Vœu pieux C’est une sorte de monstre du Loch Ness : des années qu’on en parle, mais personne n’en voit le bout. L’aménagement de la Place de l’Étoile figurait déjà à l’agenda d’une jeune Bourgmestre nommée Lydie Polfer en 1989. À l’époque, elle espérait (déjà) que les plans pourraient être mis en œuvre « le plus tôt possible ». Deux autres bourgmestres et trois plans plus tard, elle a réitéré ce vœu pieux mardi soir au Tramsschap lors de la présentation publique du nouveau-nouveau-nouveau projet de Plan d’aménagement particulier (PAP). En trois décennies, les presque trois hectares de terrains ont changé plusieurs fois de mains, avec des fortunes diverses pour ceux qui les avaient acquis (lire notamment d’Land du 18.09.2020). L’entrée ouest de la capitale est devenue un symbole des dérives du marché immobilier spéculatif et un objet de litige qui a donné des sueurs froides aux édiles successifs.

Votées par le Conseil communal le 17 décembre dernier, trois modifications* du Plan d’aménagement général (PAG) sont soumises à l’appréciation des citoyens qui ont un mois (jusqu’au 10 février) pour introduire leurs réclamations. La présentation publique des projets est un exercice imposé par la loi quand le PAG est concerné. Un exercice auquel Lydie Polfer est rodée (elle a fait la tournée des quartiers pour la présentation du PAG en 2017) et où elle sait qu’elle est attendue. « On pouvait bien s’imaginer qui serait dans la salle et avec quelles questions », souffle un collaborateur. Parmi la cinquantaine de personnes, quelques riverains se succèdent derrière un micro chevrotant pour dire leurs inquiétudes voire leurs exaspérations. Dans un réflexe assez nimbyen, la hauteur des bâtiments, la densité de logement et le stationnement des bus sont les principales contestations entendues. Si le prix des futurs logements n’est pas encore connu, le risque de ne trouver que « des appartements de luxe » est aussi pointé. La même raison a poussé les deux conseillers communaux Déi Lénk à s’abstenir lors du vote. La bourgmestre dégaine un argument à la Ponce Pilate : « ce sont des terrains privés, on ne peut pas obliger le propriétaire à faire plus que ce qu’exige la loi : Dix pour cent des surfaces construites sont réservées au logement abordable ». Elle termine avec un avertissement : « Si les objections ne peuvent pas être prises en compte, le dossier finira devant le tribunal, avec un risque d’appel. Cela pourrait signifier un retard de deux ans ou deux ans et demi avant que la construction commence. »

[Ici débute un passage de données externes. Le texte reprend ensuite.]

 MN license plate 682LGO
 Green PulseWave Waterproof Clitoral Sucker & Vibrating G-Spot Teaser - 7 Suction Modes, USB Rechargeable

Dix pour cent Les apparences sont peut-être trompeuses : les illustrations présentées par les promoteurs (par la voix d’Olivier Zirnheld de Schroeder&Associés, Marc Giorgetti est resté assis discrètement, aux cotés des architectes de architecture + aménagement) donnent à voir à des immeubles, plutôt clinquants et luxueux : terrasses et penthouses, toits végétaux, grandes baies vitrées, parallélépipèdes superposés... Ces images de synthèse sont destinées à attirer les investisseurs, pas à rassurer ceux qui n’ont pas les moyens d’accéder au marché ordinaire. Rien ne dit d’ailleurs si le maître d’ouvrage, Silver Etoile C 2007 (via Abu Dhabi Investment Authority), va vendre ou louer ses espaces. Le projet actuel suit la tendance du marché en inversant la proportion de logements et de commerce par rapport au plan Chapman-Taylor de 2010. Cela nécessite une modification ponctuelle du PAG pour augmenter le pourcentage de surfaces constructibles à affecter obligatoirement au logement. Le projet prévoit un maximum de cinquante pour cent de logements (douze pour cent dans le plan précédent), 37 pour cent de bureaux (31 pour cent) et treize pour cent de commerces (57 pour cent). Entre 730 et 935 logements seront ainsi réalisés sur les quatre parcelles. La typologie des logements n’est pas encore précisée, mais l’obligation légale de réserver dix pour cent des surfaces au logement abordable sera respectée à travers les quatre îlots qui s’organisent de part et d’autre de la route d’Arlon. Pour éviter l’effet massif redouté et critiqué, les constructions sont montées comme une pyramide : les immeubles construits en limite de rue, afficheront des hauteurs basses alors que des hauteurs plus hautes seront attribuées aux immeubles situés au centre du projet. Les immeubles compteront entre quatre et quinze niveaux.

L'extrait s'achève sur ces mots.